A few weeks ago I was researching cheaper laptops that would charge off USB or 12v. Well, I found a Chromebook. It ticked all the right boxes. It charged off a 120v USB 3 charger that could likely be replaced by a 12v to USB 3 charger. It was $140 from Best Buy and even better there were instructions online how to delete the God-Awful ChromeOS and install Linux.
So, I bought the Chromebook and it arrived. That was where the problems started...The instructions for installing Linux and running it never worked. Somehow on the initial startup I did get Linux to run but only from USB and it never ran again.
Since that I have been scouring every website and every set of instructions available to get the blessed thing to work with Linux. Everything has been a miserable failure. At this point I should just quietly have returned it but I found a YouTube video where a guy took the back off and unscrewed one screw that was apparently a physical firmware lock. Then he could run Linux.I duly undid the screws and pried up the edges of the plastic insert. There was something holding it fast in the center that was clearly not a screw. Looking further, it did not look remotely like the circuit-board shown on YouTube. I quietly clipped it all back together and checked whether it all still worked.

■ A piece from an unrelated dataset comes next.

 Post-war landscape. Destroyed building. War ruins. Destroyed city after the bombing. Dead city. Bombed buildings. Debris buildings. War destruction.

As I don't really want to spend weeks trying this twiddle and that twiddle in order to try to make it work with Linux, I'll just have to throw it in the closet. I suspect in about 6 months I'll pull it out of the closet, find it's still not possible to get Linux to run on it and end up throwing it on the back of the pickup for a one-way trip to the dump with the rest of the household refuse.

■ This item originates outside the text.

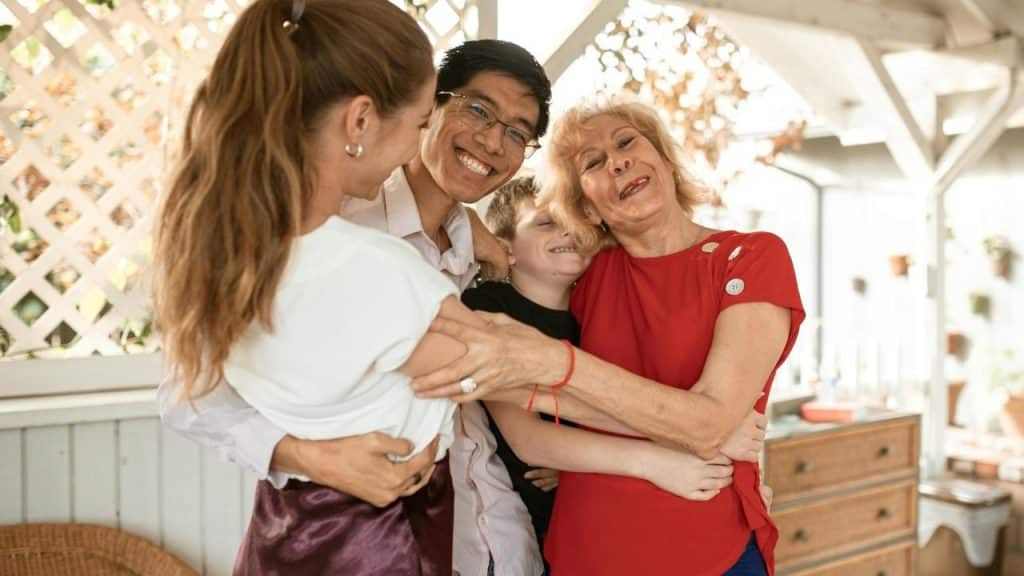 A smiling family hugging together on a sunny porch.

Do yourselves a favor - don't buy a Chromebook aka Junkbook. It's just a prison that keeps you locked into a Google system and restricts what you can do. Judging from the fact the only apps available are Android, there's be no working software for it either. It really is a totally unusable piece of junk and to cap that off, it can't even be used offline.
My aims are...
- A laptop.
- Runs off USB/12v
- Takes Linux
- Can be used offline
Well, the HP Chromebook, according to online data checks all of those boxes. The reality is though that it does not take Linux and hence cannot be used offline.
As I have now got pry marks around the insert, I can't return it. It appears I was gravely misled by the lying buffoons online. Sometimes online information is good, sometimes it is bad. There's no knowing until something is tried.
As for the cost, it just annoys me that I have to write off a $140 mistake. There's nobody to blame but myself for believing online technical information. My existing laptop is an Asus that came with Windows 10 but which now runs Linux. The new laptop was intended for a specific project and something cheap I could leave in the car while I am at work. Something I could have all the non-personal information - something that I would never use for email, web browsing etc, where no passwords would ever be stored.